Wien, Dienstag, der 1. August 2006:
Ich staunte nicht schlecht, als an diesem Tag plötzlich ein neuer Kollege am Schreibtisch, direkt mir gegenüber, Platz genommen hatte. Er meinte, er würde von nun an hier arbeiten. Obwohl mir davon zuvor niemand etwas erzählt hatte.
Grundsätzlich war mir das egal. Denn das Unternehmen kam einstellen, wen auch immer es will. Egal ob dafür die Arbeit vorhanden ist, oder, wie in diesem Fall, auch nicht. Aber irgendwie hatte s mich doch etwas irritiert. Denn eine wirkliche Aufgabe hatte dieser Mann nun nicht gerade. Allerdings nachdem ich mich etwas mit ihm unterhalten hatte und er mir dabei erklärt hatte, er würde von VA Tech nun hierher gekommen wein, war mir klar, was los ist. Schließlich hatte mir doch mein Chef noch vor einigen Wochen erklärt, er würde gerade jenen, welcher derzeit die Aufgabe hatte, den vorgesehenen Stellenabbau bei VA Tech von, in den Medien kolportierten, 200 Stellen umzusetzen, besonders gut kennen.

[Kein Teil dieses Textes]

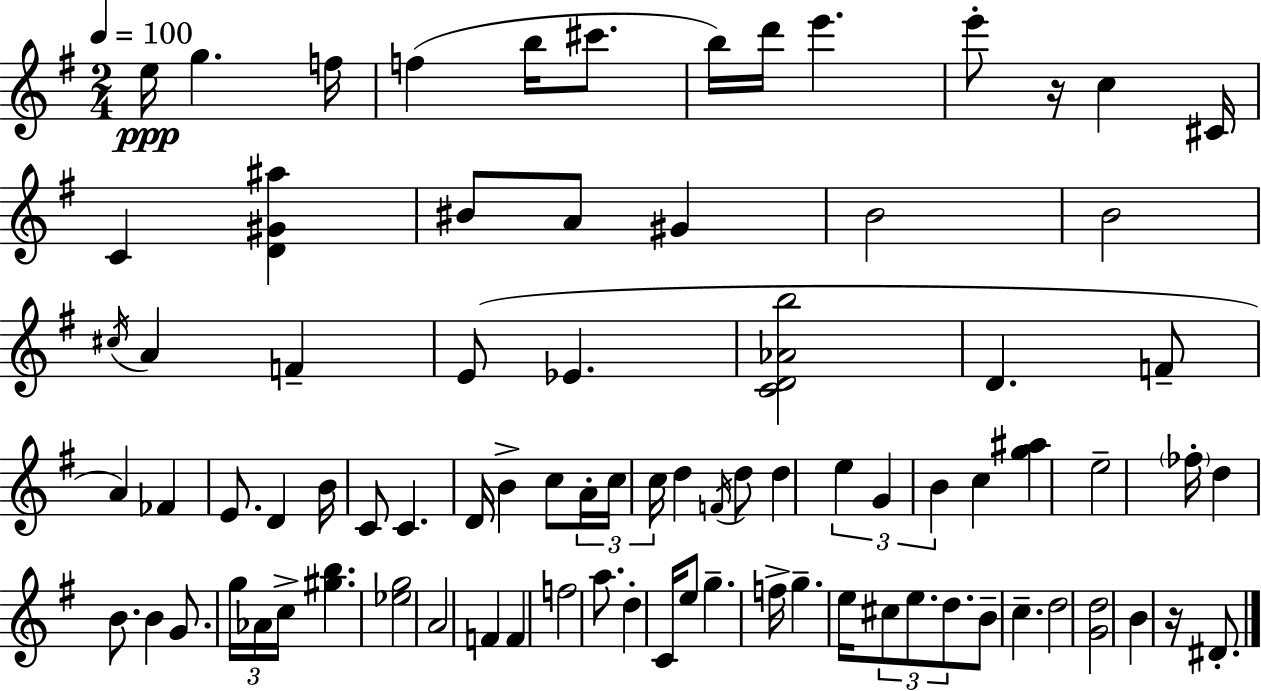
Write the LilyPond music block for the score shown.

{
  \clef treble
  \numericTimeSignature
  \time 2/4
  \key g \major
  \tempo 4 = 100
  \repeat volta 2 { e''16\ppp g''4. f''16 | f''4( b''16 cis'''8. | b''16) d'''16 e'''4. | e'''8-. r16 c''4 cis'16 | \break c'4 <d' gis' ais''>4 | bis'8 a'8 gis'4 | b'2 | b'2 | \break \acciaccatura { cis''16 } a'4 f'4-- | e'8( ees'4. | <c' d' aes' b''>2 | d'4. f'8-- | \break a'4) fes'4 | e'8. d'4 | b'16 c'8 c'4. | d'16 b'4-> c''8 | \break \tuplet 3/2 { a'16-. c''16 c''16 } d''4 \acciaccatura { f'16 } | d''8 d''4 \tuplet 3/2 { e''4 | g'4 b'4 } | c''4 <g'' ais''>4 | \break e''2-- | \parenthesize fes''16-. d''4 b'8. | b'4 g'8. | \tuplet 3/2 { g''16 aes'16 c''16-> } <gis'' b''>4. | \break <ees'' g''>2 | a'2 | f'4 f'4 | f''2 | \break a''8. d''4-. | c'16 e''8 g''4.-- | f''16-> g''4.-- | e''16 \tuplet 3/2 { cis''8 e''8. d''8. } | \break b'8-- c''4.-- | d''2 | <g' d''>2 | b'4 r16 dis'8.-. | \break } \bar "|."
}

Es schien also, mein Chef hatte hier jemanden einen Gefallen erwiesen und einen von diesen 200 zur Kündigung anstehenden Mitarbeitern der Va Tech hier aufgenommen. Als ich ihn allerdings einige Tage später darauf ansprach, meinte dieser, der Chef, also der Eigentümer des Unternehmens wäre dies gewesen. Auch dies steht ihm natürlich frei.

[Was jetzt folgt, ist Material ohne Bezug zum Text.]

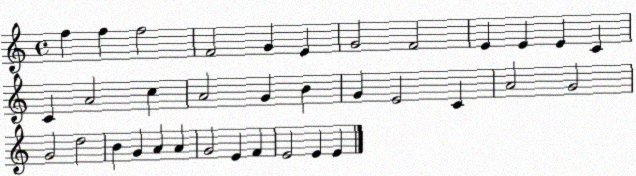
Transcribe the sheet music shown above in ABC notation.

X:1
T:Untitled
M:4/4
L:1/4
K:C
f f f2 F2 G E G2 F2 E E E C C A2 c A2 G B G E2 C A2 G2 G2 d2 B G A A G2 E F E2 E E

Aber was ich daran besonders bemerkenswert empfand war, dieser neue Kollege erklärte mir er wäre zuletzt bei VA Tech als Projektleiter tätig gewesen. Wobei er diese Funktion erst bei seinem letzten Projekt, ein Projekt in Kroatien, ausgeübt. Dabei wäre allerdings ein äußerst hoher Verlust erwirtschaftet worden. Wobei mein neuer Kollege darin überhaupt kein Problem sah. Ganz im Gegenteil. Er erweckte eher den Eindruck, als wäre dies etwas Unabwendbares gewesen. Auch dies mag durchaus der Fall gewesen sein. Schon alleine deshalb, da er wohl selbst nicht die Kalkulation für dieses Projekt ausgearbeitet hatte, wie er mir erklärte.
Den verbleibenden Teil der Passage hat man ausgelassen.